Sonia Bruce

Personal information
- Nationality: Filipino
- Born: 15 August 1966 (age 59) Sagay, Negros Occidental, Philippines

Sport
- Club: Angeles Sports and Country Club

Medal record
Women's lawn bowls
Representing Philippines
World Outdoor Championships
| Bronze medal – third place | 2016 Christchurch | fours |
Asia Pacific Bowls Championships
| Bronze medal – third place | 2003 Brisbane | triples |
| Bronze medal – third place | 2009 Kuala Lumpur | triples |
| Silver medal – second place | 2011 Adelaide | triples |
| Bronze medal – third place | 2015 Christchurch | pairs |
Southeast Asian Games
| Silver medal – second place | 2005 Manila | triples |
| Bronze medal – third place | 2007 Nakhon Ratchasima | triples |
| Bronze medal – third place | 2017 Kuala Lumpur | pairs |
| Silver medal – second place | 2019 Philippines | triples |

= Sonia Bruce =

Filipino lawn bowls player

Asuncion Yang Yang Bruce (born 1966) also known as Sonia Bruce is a Philippines international lawn bowler.

==Bowls career==
Bruce competed in the 2008 World Outdoor Bowls Championship and 2012 World Outdoor Bowls Championship but came to prominence when winning a bronze medal at the 2016 World Outdoor Bowls Championship in Christchurch in the fours with Hazel Jagonoy, Rosita Bradborn and Ronalyn Greenlees.
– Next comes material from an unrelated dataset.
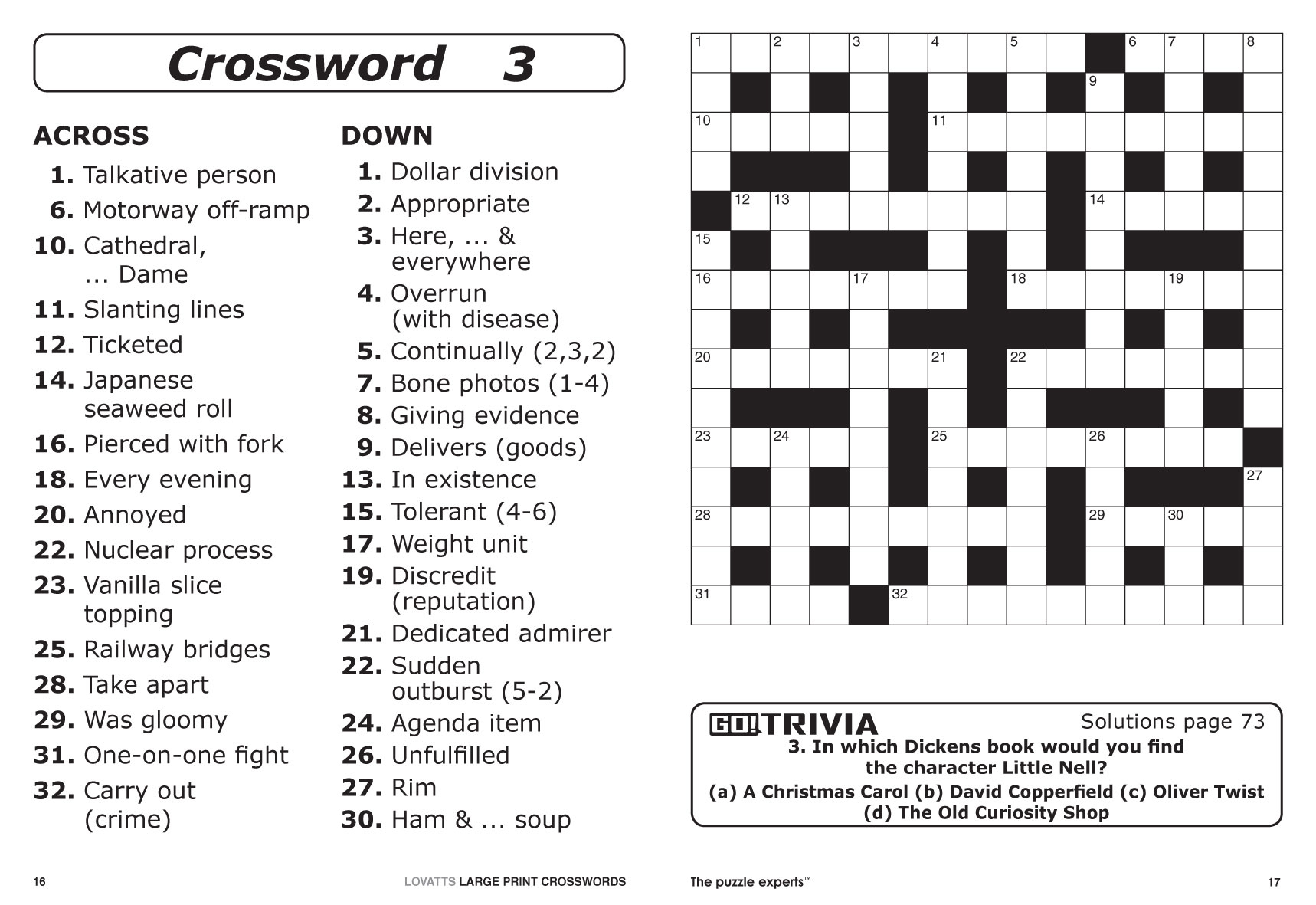 Printable Gujarati Crossword Puzzles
In 2014 and 2016, she won the Hong Kong International Bowls Classic pairs titles, first with Ainie Knight and later with Rosita Bradborn.

She has won four medals at the Asia Pacific Bowls Championships, starting in 2003 in Brisbane, where she won a bronze medal in the triples with Lolita Treasure and Milagros Witheridge. Six years later she won a second bronze, again in the triples with Witheridge and Greenlees. Two years later in 2011, she won a silver in Adelaide with Witehridge and Joy Tordoff and finally in 2015 in Christchurch, she secured another bronze but this time in the pairs event with Ainee Knight.

In 2023, she was selected as part of the team to represent Philippines at the 2023 World Outdoor Bowls Championship. She participated in the women's triples and the women's fours events.